A child goes missing from kindergarten, when he returns, he has been beaten. Other similar cases soon start to appear, the children have all been beaten around the head and shoulders and speak of a “black owl”. The police have no leads and they turn to psychiatrist Raffael Horn for help.
Whilst The Mattress House is in the same series as The Sweetness of Life, there is no sense of ongoing plot so can be read by itself. My complaint for the previous book was that it was all a bit depressing. The town of Furth am See still comes across as a thoroughly miserable place to live, with so many serious psychiatric cases that Raffael deals with on a day to day basis. He doesn’t seem to have any patients that are merely depressed or anxious. The inclusion of so many of his patients is also a little confusing and doesn’t add to the plot or connect to the overall message.
What it does do, is address the subject of physical punishment of children. Many of the characters reflect on whether they have beaten their children. As a translated novel, perhaps an understanding of Austrian current affairs helps place the thoughts of Hochgatterer. I personally couldn’t tell if the things they were discussing were more normal or frowned upon so it didn’t really work for me as a thought-provoking piece of writing.

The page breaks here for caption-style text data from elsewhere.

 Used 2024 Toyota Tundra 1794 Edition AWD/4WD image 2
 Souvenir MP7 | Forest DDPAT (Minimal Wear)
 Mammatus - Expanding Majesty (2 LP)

I have put my finger on what puts me off this series, it all feels far too clinical, like it’s all part of Horn’s assessment. It comes across a little emotionless because of this. I was touched by the scenes with Horn’s son and the cat. Even I could tell there was something seriously wrong with the poor animal but Horn was so dismissive and uncaring towards his son. He’s not a character I can relate to at all.

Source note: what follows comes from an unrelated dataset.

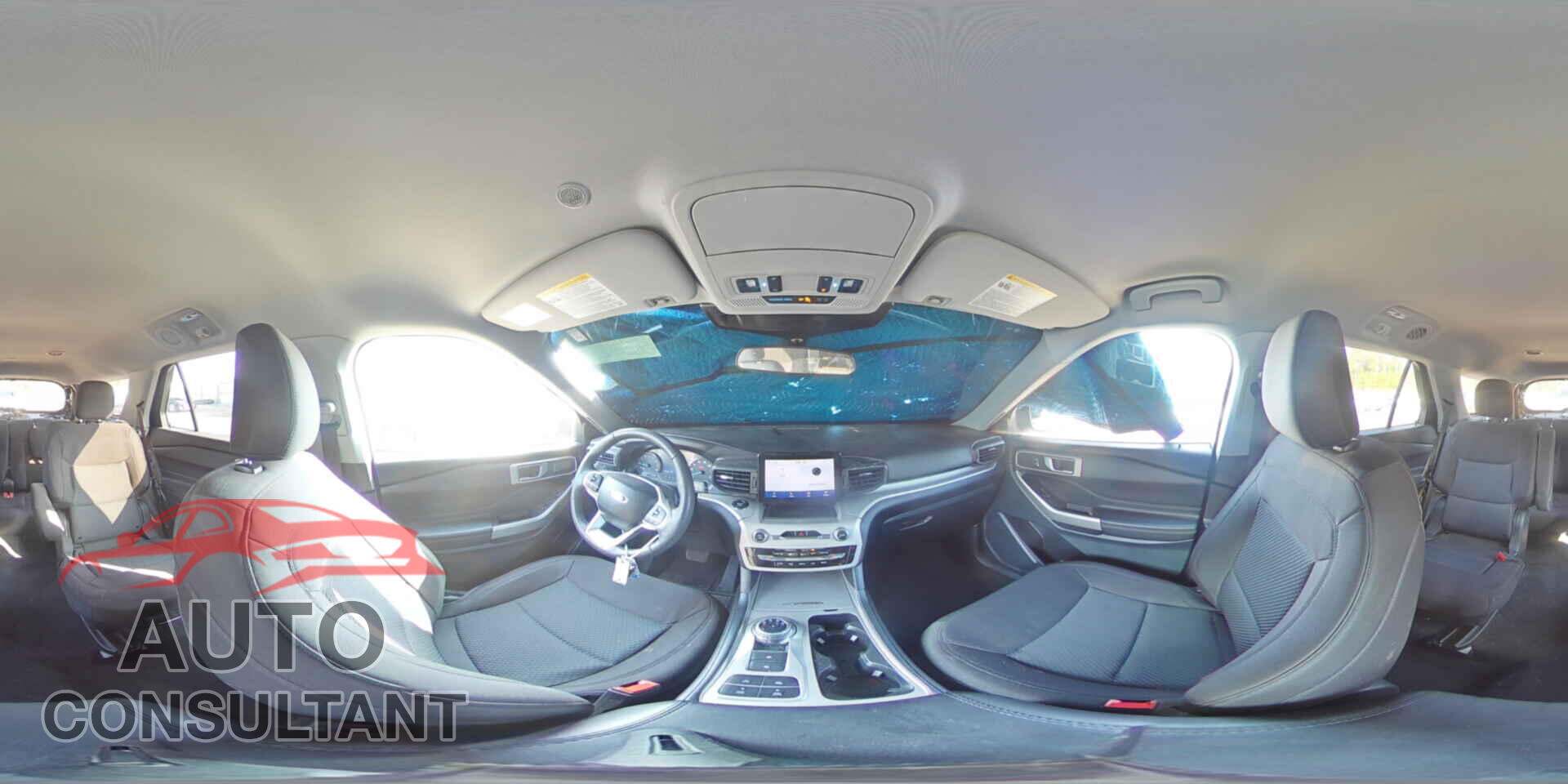 FORD EXPLORER 2023 - 1FMSK7DH9PGB45255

There’s a good crime story underneath it all though. The narrative is split between third person and an unknown first person, similar to The Sweetness of Life. You think you have a pretty good idea of what’s going on at one point yet you can’t always be so sure. If you were a fan of the previous novel, I’m sure you won’t be disappointed. I just don’t think Hochgatterer is for me.
Originally written in German by Paulus Hochgatterer, The Mattress House has been translated into English by Jamie Bulloch for MacLehose Press and is currently available in hardback and ebook formats. Thanks go to Quercus for providing me with a copy for review.